WHAT THIS TASK INVOLVES ::
Return, exactly and with nothing added, the line with "used 1965 Ford" together with all lines after it through the end of the data below. No pictures belong in the copy.
--- SOURCE MATERIAL ---
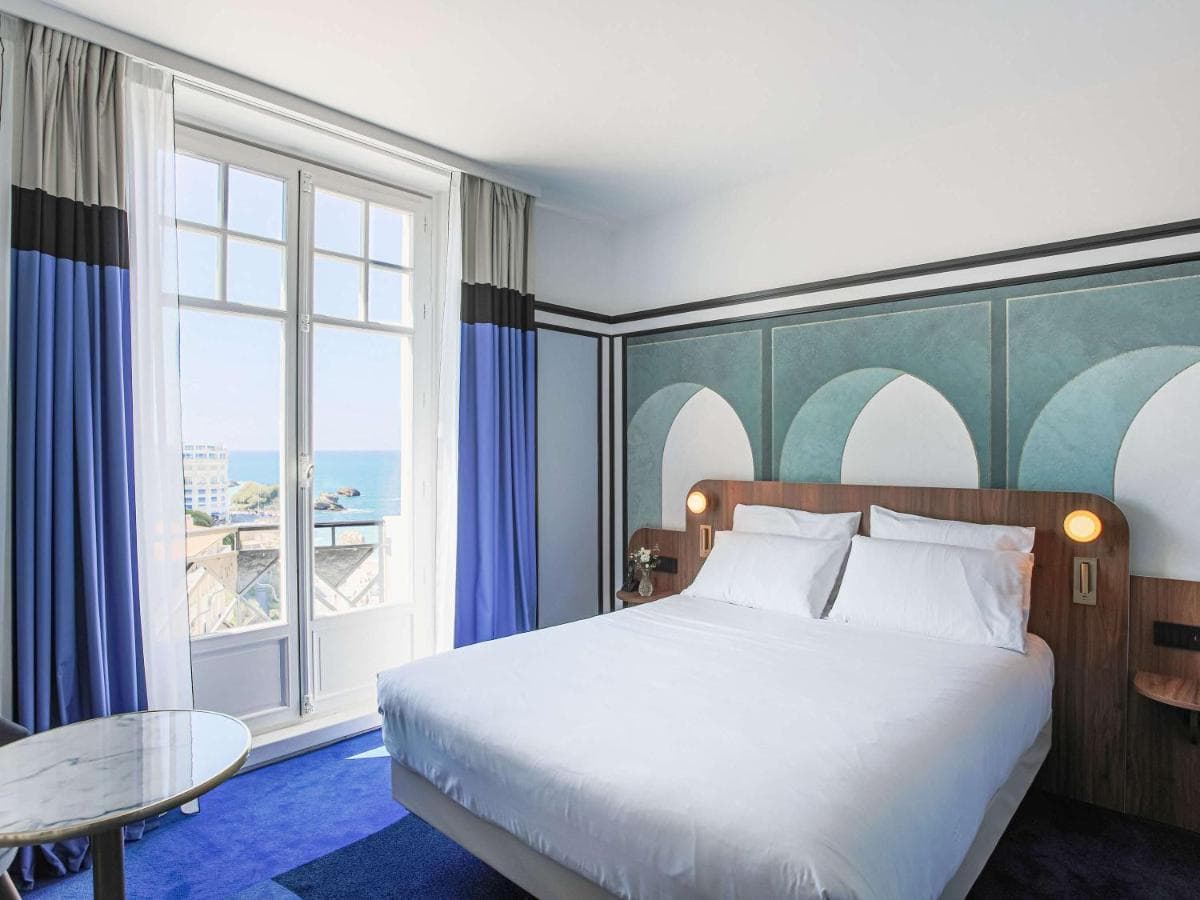 Hôtel Plaza Biarritz Plage - Handwritten Collection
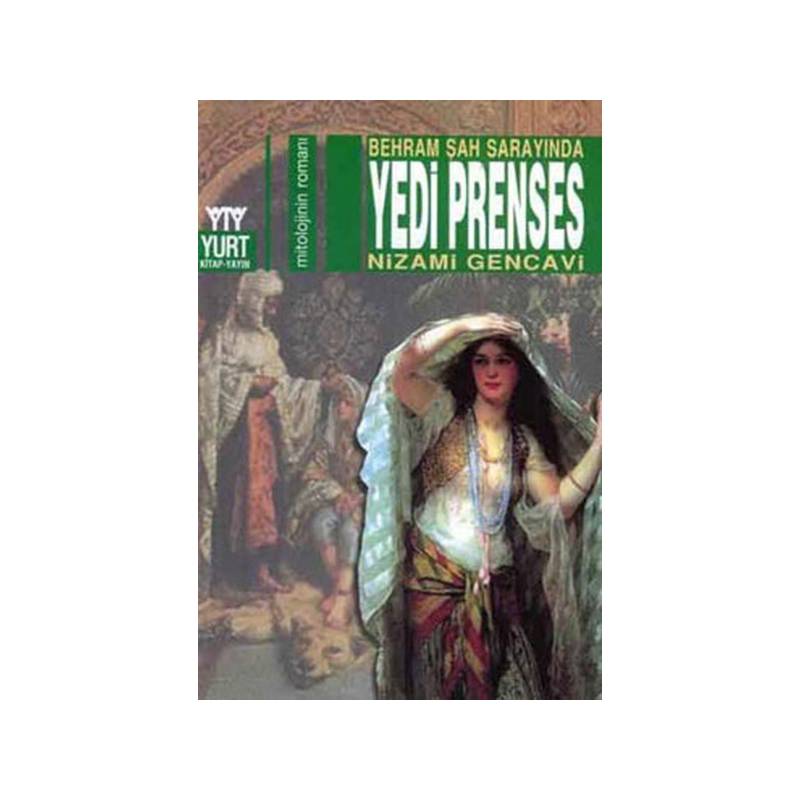 Behram Şah Sarayında Yedi Prenses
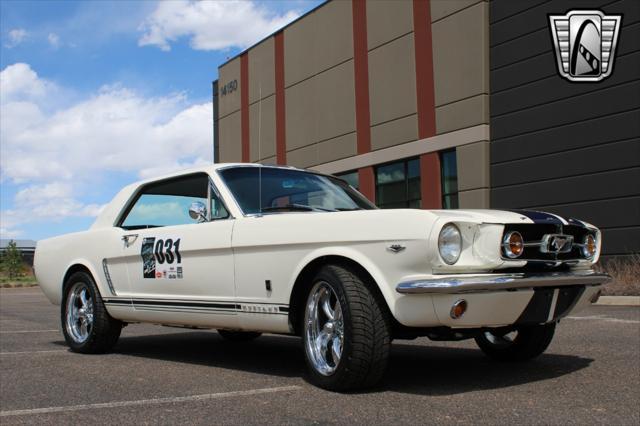 used 1965 Ford Mustang car, priced at $33,000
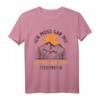 Ich Muss Gar Nix Ich Muss Nur In Die Steiermark Berge Urlaub T-Shirt – Perfektes Geschenk für Berg- und Seenliebhaber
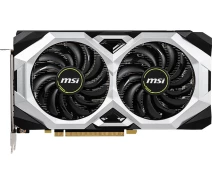 Придбати - відеокарту  Відеокарта GF RTX 2060 Super 8GB GDDR6 Ventus GP MSI (GeForce RTX 2060 SUPER VENTUS GP)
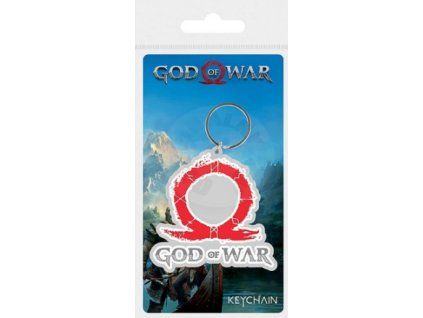 Klíčenka God of War Symbolic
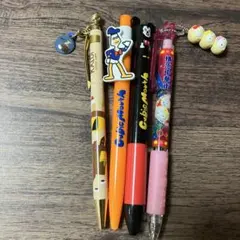 カープ ご当地坊や付きシャープペン 4本 - メルカリ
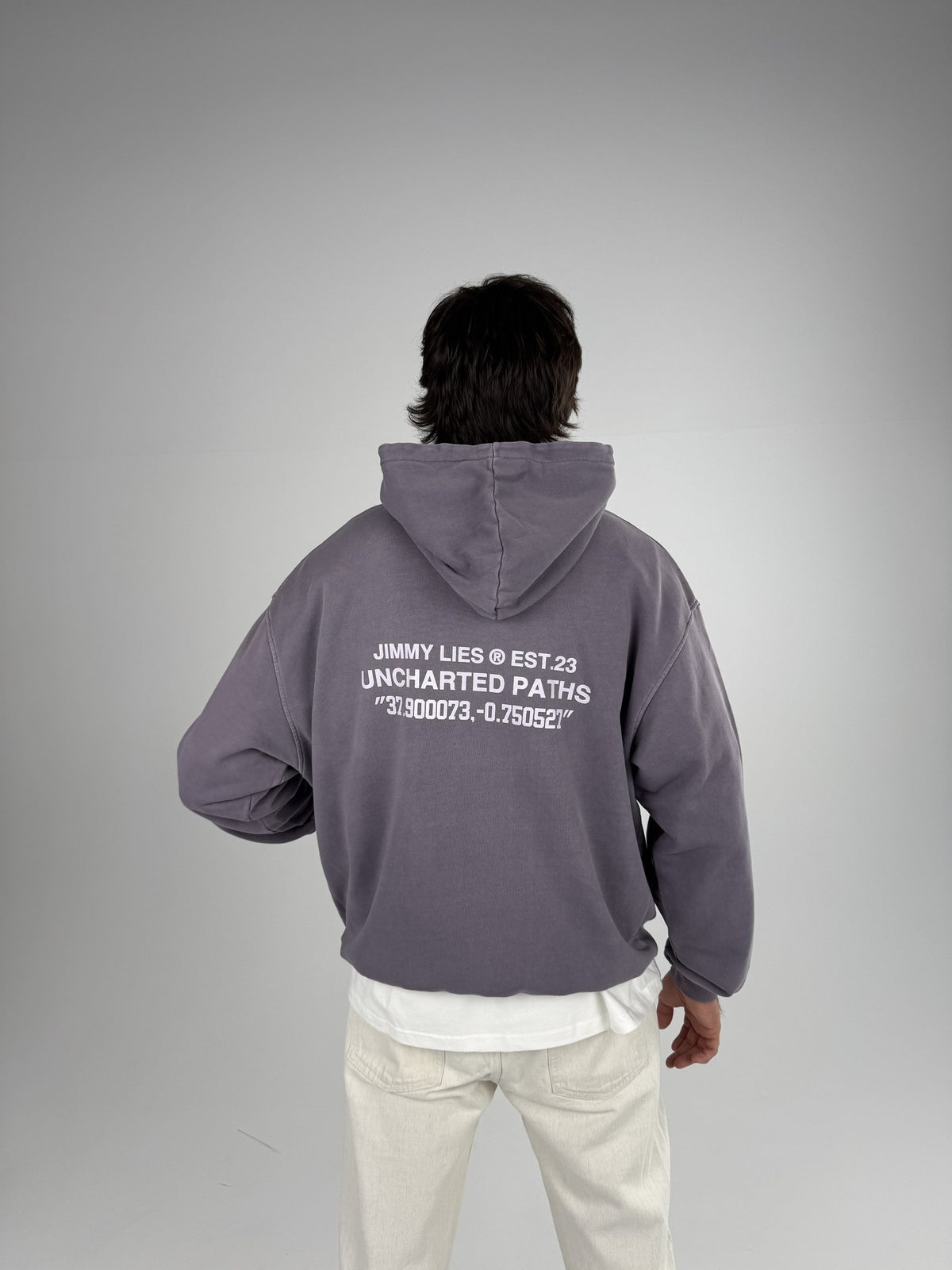 TORETILLO PURPLE HOODIE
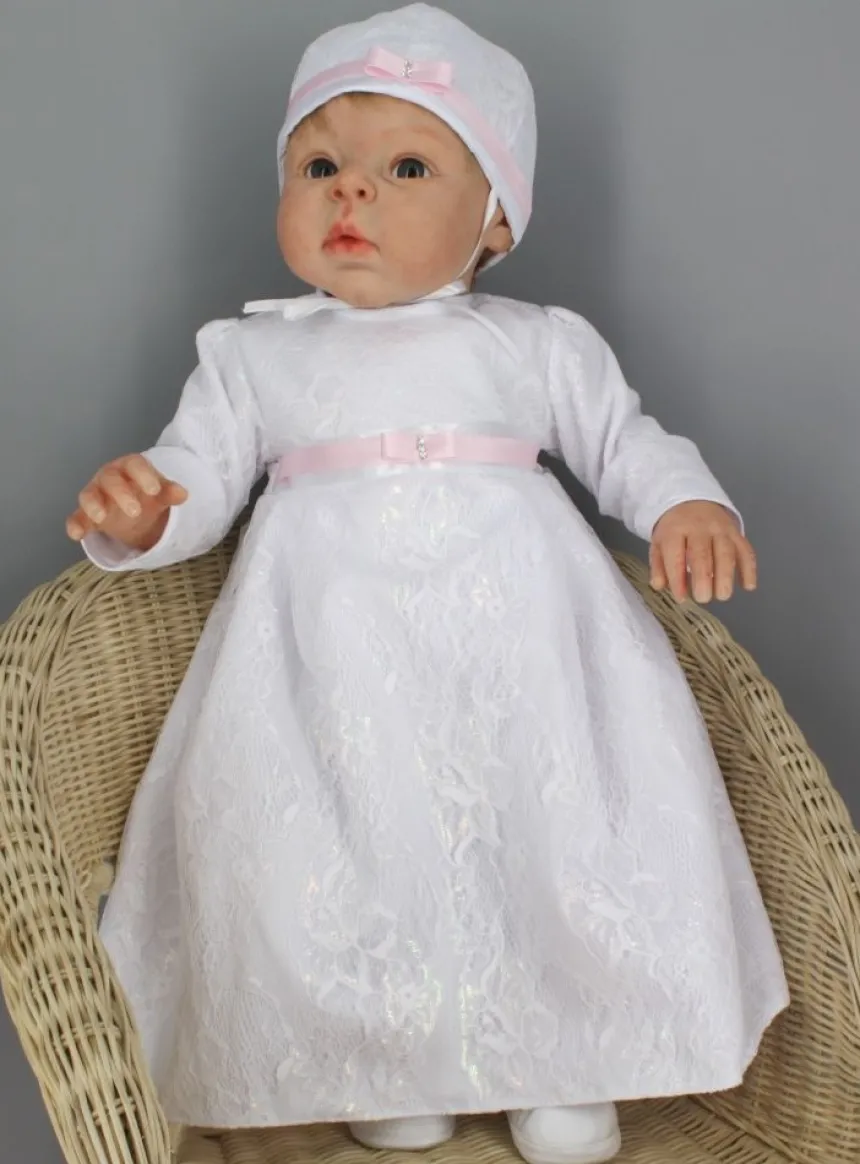 Robe Lina + chapeau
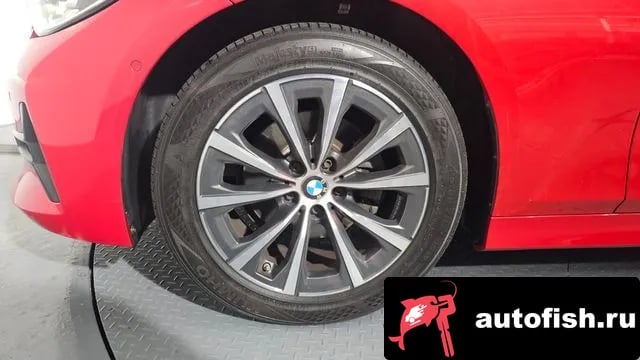 BMW 3-Series 3 Series (G20) 2019 года - вид 5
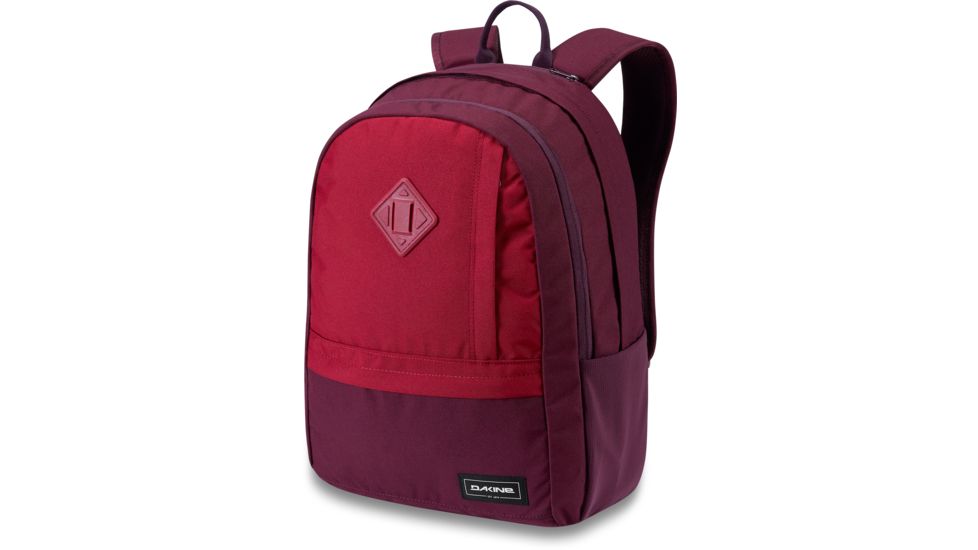 Dakine Essentials Backpack 22L, Garnet Shadow, 12608-GHDW-OS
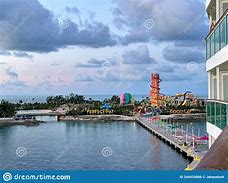 Image result for Coco Cay Aerial View
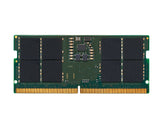Kingston Technology KCP556SS8-32 memory module 32 GB 1 x 32 GB DDR5 5600 MT/s 262-pin SO-DIMM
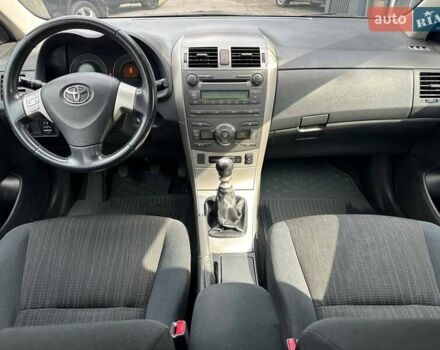 Тойота Королла 2008 в Полтаве на Automoto.ua Синий Тойота Королла, объемом двигателя 1.6 л и пробегом 200 тыс. км за 6900 $, фото 10 на Automoto.ua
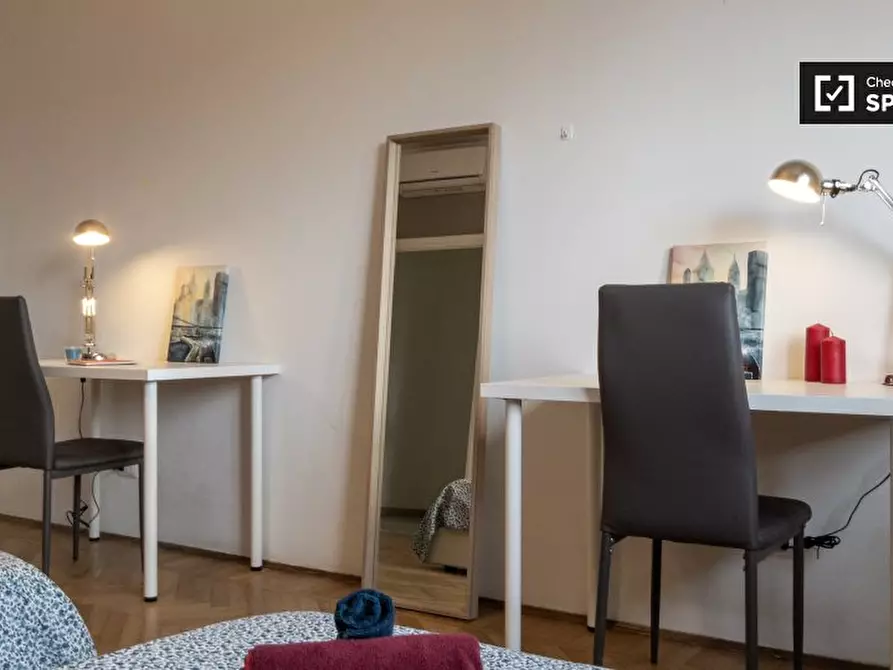 Immagine 4 di Camera condivisa in affitto  in Via Saverio Altamura a Milano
---
EXERCISE SOLUTION ::
 used 1965 Ford Mustang car, priced at $33,000
 Ich Muss Gar Nix Ich Muss Nur In Die Steiermark Berge Urlaub T-Shirt – Perfektes Geschenk für Berg- und Seenliebhaber
 Придбати - відеокарту  Відеокарта GF RTX 2060 Super 8GB GDDR6 Ventus GP MSI (GeForce RTX 2060 SUPER VENTUS GP)
 Klíčenka God of War Symbolic
 カープ ご当地坊や付きシャープペン 4本 - メルカリ
 TORETILLO PURPLE HOODIE
 Robe Lina + chapeau
 BMW 3-Series 3 Series (G20) 2019 года - вид 5
 Dakine Essentials Backpack 22L, Garnet Shadow, 12608-GHDW-OS
 Image result for Coco Cay Aerial View
Kingston Technology KCP556SS8-32 memory module 32 GB 1 x 32 GB DDR5 5600 MT/s 262-pin SO-DIMM
 Тойота Королла 2008 в Полтаве на Automoto.ua Синий Тойота Королла, объемом двигателя 1.6 л и пробегом 200 тыс. км за 6900 $, фото 10 на Automoto.ua
 Immagine 4 di Camera condivisa in affitto  in Via Saverio Altamura a Milano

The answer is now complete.